I want the article to focus on HOW to use interfaces properly, along with benchmarks rather than the code I’m changing. Since we will change a lot of code, I don’t expect you to code this yourself, but rather try to embrace the process and mindset of using the interfaces.
Let’s begin by explaining what Go4Data is, or what I want it to become. Go4Data is a data processing tool. It’s focused on processing data and is currently very much a work in progress. The idea is that you can set up inputs, like a Redis queue, or files in a directory. Then you can pass the data onto the next data processor by a Pub/Sub engine.

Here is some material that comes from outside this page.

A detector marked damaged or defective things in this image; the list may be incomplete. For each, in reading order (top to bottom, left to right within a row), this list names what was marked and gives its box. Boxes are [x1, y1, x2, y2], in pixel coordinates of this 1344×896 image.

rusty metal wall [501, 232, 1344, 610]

The idea came from after my 100th project having to read CSV files and put them into a database after performing filtering and transformation on the data.
This is all done by a YAML configuration file that Go4Data loads, no coding needed.

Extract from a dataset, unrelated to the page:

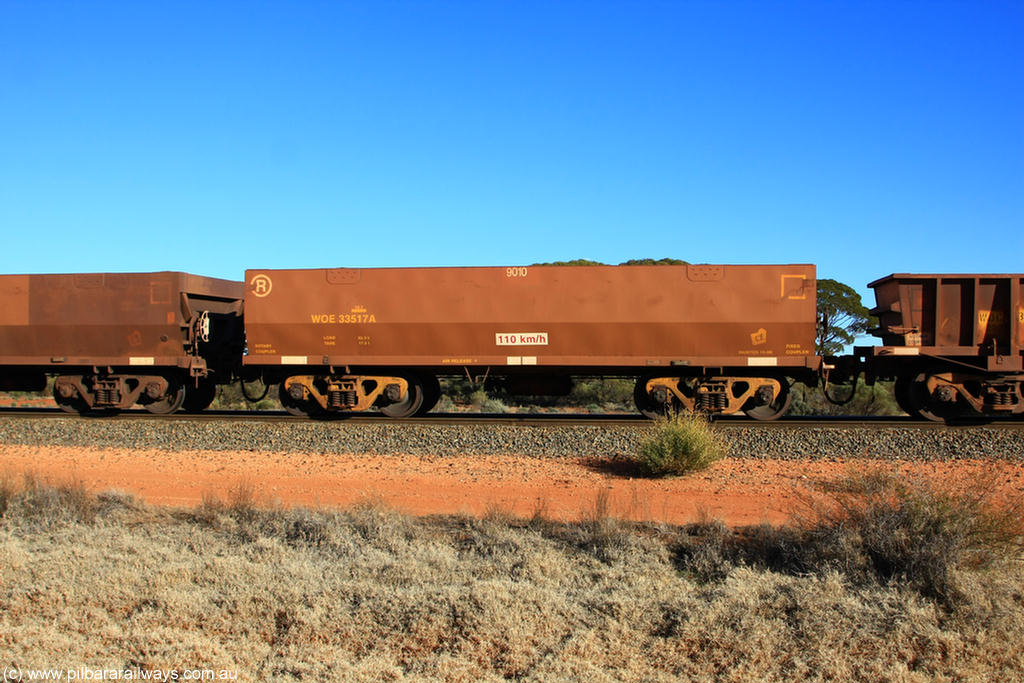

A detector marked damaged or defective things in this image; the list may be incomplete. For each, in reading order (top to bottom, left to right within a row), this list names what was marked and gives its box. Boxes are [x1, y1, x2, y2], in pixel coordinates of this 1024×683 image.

rusty metal surface [0, 270, 242, 370]
rusty metal surface [243, 264, 819, 374]
rusty metal surface [872, 274, 1024, 368]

The part that we will refactor today is the Pub/Sub system that Go4Data uses. During the development, I created a custom in-memory pub/sub system. This works fine, but It’s not very scalable since it relies on the memory used by the current application. Allowing users to configure the Pub/Sub engine used by Go4Data by creating a Pub/Sub interface would be very cool, so let’s do that. I will also implement a Redis implementation of the interface.
When the Redis implementation is complete we will benchmark both to see which performs best. If your unfamiliar with how Redis works with Pub/Sub read my other article.

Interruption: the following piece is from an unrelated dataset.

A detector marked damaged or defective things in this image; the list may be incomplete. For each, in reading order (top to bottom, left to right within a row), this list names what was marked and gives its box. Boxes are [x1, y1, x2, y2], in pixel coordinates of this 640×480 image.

In the end, we will allow users to switch between Go4Datas custom Pub/Sub and Redis by simply calling the method NewEngine. The gist below shows how to perform the change.
Changing between Redis and Default will be a simple configuration.
// This shows how to change the whole Go4Data to use Redis instead
_, err := pubsub.NewEngine(WithRedisEngine(&redis.Options{
Addr: "localhost:6379",
Password: "",
DB: 0,
})
// This is how we would change back to DefaultEngine
_, err := pubsub.NewEngine(WithDefaultEngine(2))
Start by reviewing what currently exists
So the first thing I want to do is take a look at the current implementation, we will try to make the interface fit right into this so that we can allow users to swap the whole Pub/Sub engine out without modifying any other code.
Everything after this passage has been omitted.